Le Conseil d’Etat a rendu son avis le 28 juillet. Les réponses qu’il apporte aux questions qui lui étaient posées ne présentent pas véritablement d’innovations juridiques, mais elles ont pour les conducteurs et pour l’administration des conséquences pratiques importantes.
La première question portait sur le point de savoir si, à l’occasion de la contestation par un conducteur ayant progressivement perdu tous ses points de la décision du préfet lui enjoignant de restituer son permis de conduire, le requérant peut invoquer l’illégalité de chacune des décisions administratives antérieures de retrait de points. Le Conseil d’Etat l’admet, à condition toutefois que ces décisions, qui, dans tous les cas, peuvent faire l’objet d’un recours direct, ne soient pas devenues définitives, c’est-à-dire que le délai de recours contentieux contre ces décisions ne soit pas expiré.
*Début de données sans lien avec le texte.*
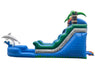 Inflatable water slide with tropical design and dolphin, side view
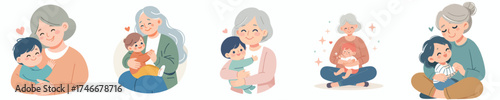 vector of a grandmother hugging her grandson full of love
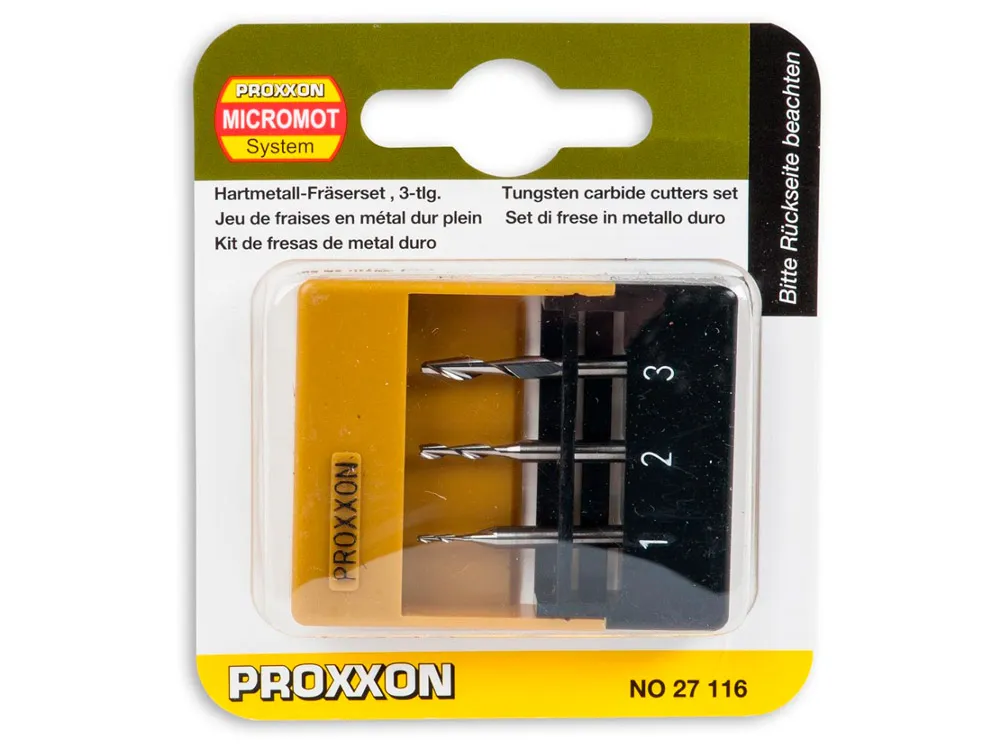 Фрезы твёрдосплавные Proxxon 1, 2 и 3 мм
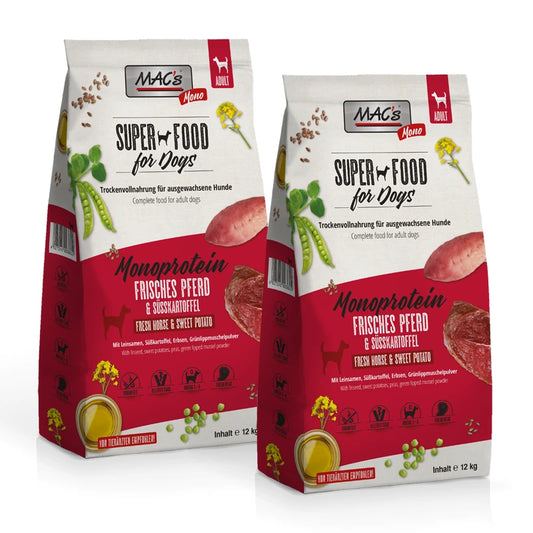 2x12kg MAC's Dog Mono frisches Pferd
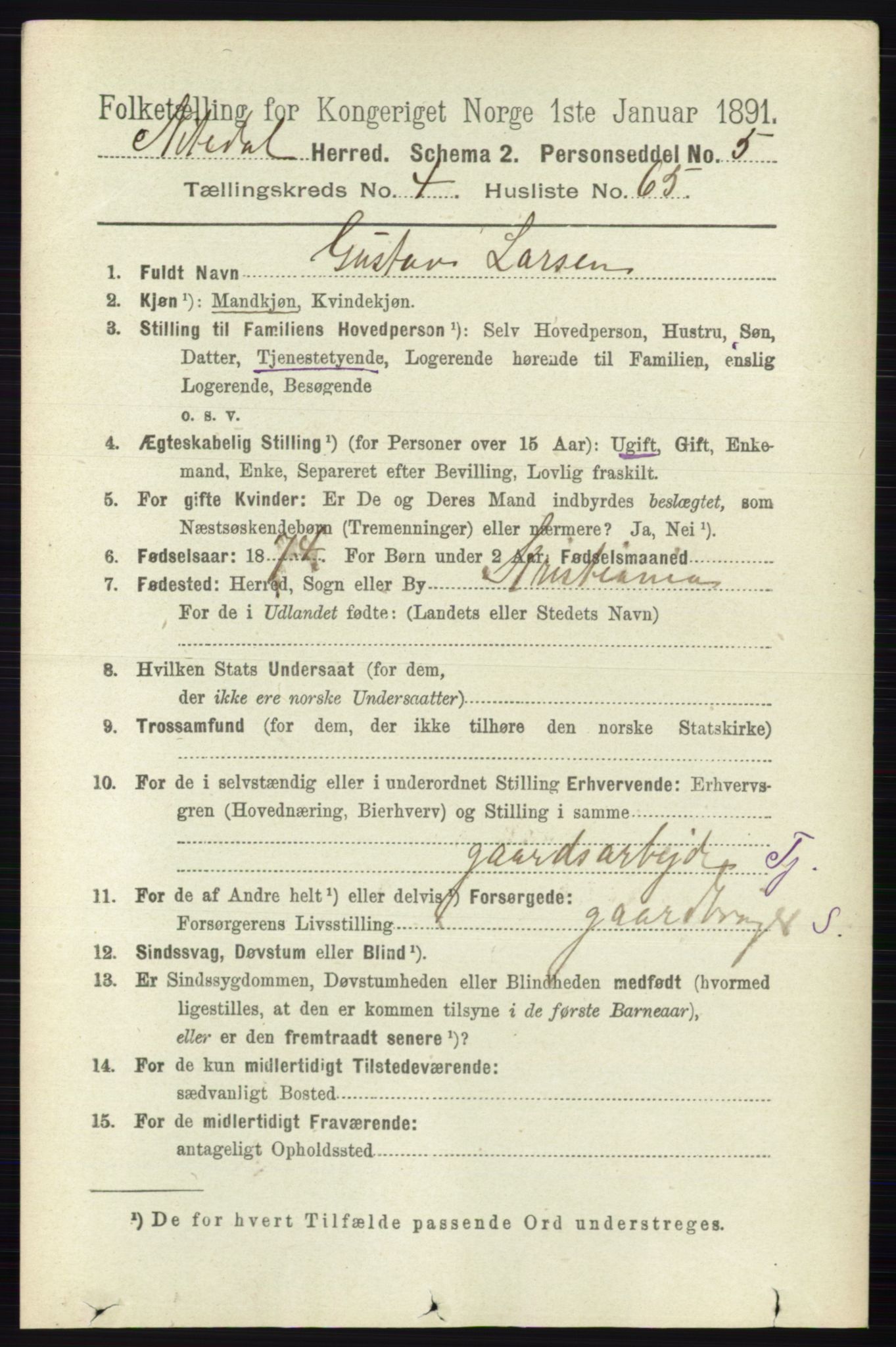 RA, 1891 census for 0233 Nittedal, 1891, p. 2058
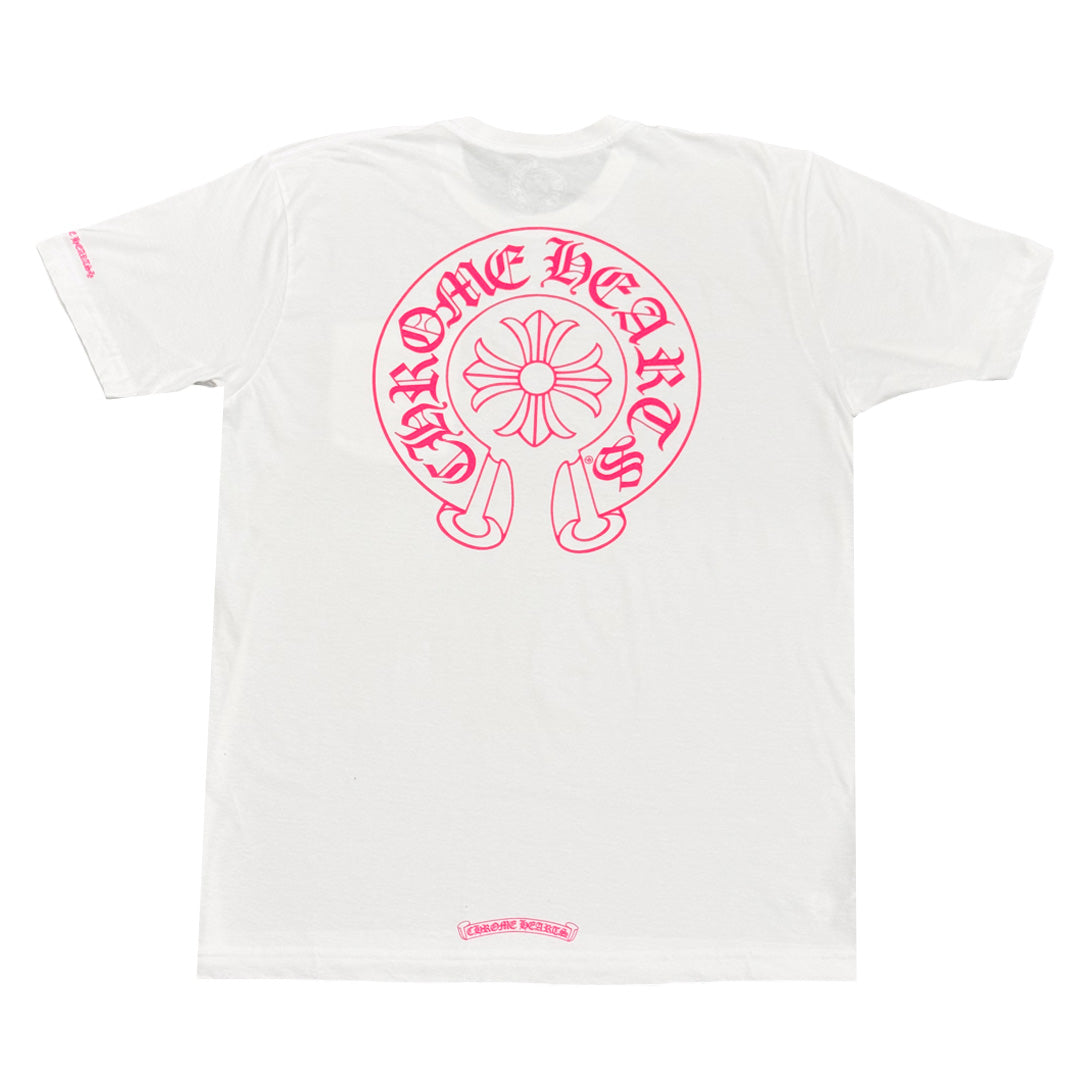 Chrome Hearts Pink Horseshoe Pocket T-Shirt White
Le Conseil d’Etat précise en deuxième lieu les conditions dans lesquelles les conducteurs qui ont commis des infractions doivent être informés par l’administration du risque de retrait de points qui pèse sur eux. Les articles L. 11-3 et R. 258 du code de la route disposent qu’un document remis à l’intéressé informe celui-ci de la perte de points qu’il est susceptible de subir, de l’existence d’un traitement automatisé de ces points et de la possibilité pour lui d’accéder aux informations de ce fichier le concernant. Une circulaire du 26 novembre 1992 du ministre de l’intérieur et de la sécurité publique a prévu l’utilisation d’un formulaire spécifique (CERFA n°90-0204). Le Conseil d’Etat indique toutefois que l’administration n’est pas obligée de recourir à ce formulaire particulier. Cette solution est pragmatique : ce qui compte est que le conducteur ait été informé, par la remise d’un document, des risques encourus au cas où il reconnaît l’infraction, ce qui est le cas, en vertu de la loi, s’il paie l’amende forfaitaire, et non le support de cette information. Le Conseil d’Etat précise en revanche que c’est à l’administration de prouver qu’elle a rempli l’obligation d’information et non au conducteur d’établir qu’il n’a pas été informé. Cette solution s’inscrit dans la ligne traditionnelle de la jurisprudence qui consiste à ne pas faire peser sur les administrés des obligations de preuve impossibles à satisfaire, alors que, de son côté, l’administration peut facilement prouver qu’elle a correctement informé le conducteur.
La dernière question sur laquelle se prononce le Conseil d’Etat concerne les conséquences que l’administration doit tirer de l’annulation, par le juge administratif, d’une demande préfectorale de restitution du permis de conduire au motif que l’une ou plusieurs des décisions antérieures de retrait de points n’a pas été précédée de l’information mentionnée ci-dessus. Le Conseil d’Etat précise que, dans ce cas, l’administration doit rendre le titre de conduite à l’intéressé ainsi que les points illégalement retirés et il appartient au juge administratif, saisi d’une demande en ce sens, d’ordonner cette mesure à l’administration. Ceci signifie que, lorsque l’illégalité commise par l’administration est le défaut d’information du conducteur du risque de perte de points qu’il encourt, l’administration ne peut pas reprendre la procédure à raison des mêmes infractions. Cette solution découle de l’objet même de l’obligation d’information que le législateur a imposée à l’administration : avant de choisir de payer l’amende forfaitaire, et par là-même de reconnaître l’infraction, l’intéressé doit être informé de la perte de points qu’il est susceptible de subir. L’omission de cette formalité substantielle ne saurait être régularisée par la suite.
Section du contentieux, sur le rapport de la 5ème sous-section - Séance du 28 juin 2000, lecture du 28 juillet 2000, N° 220301, M. B.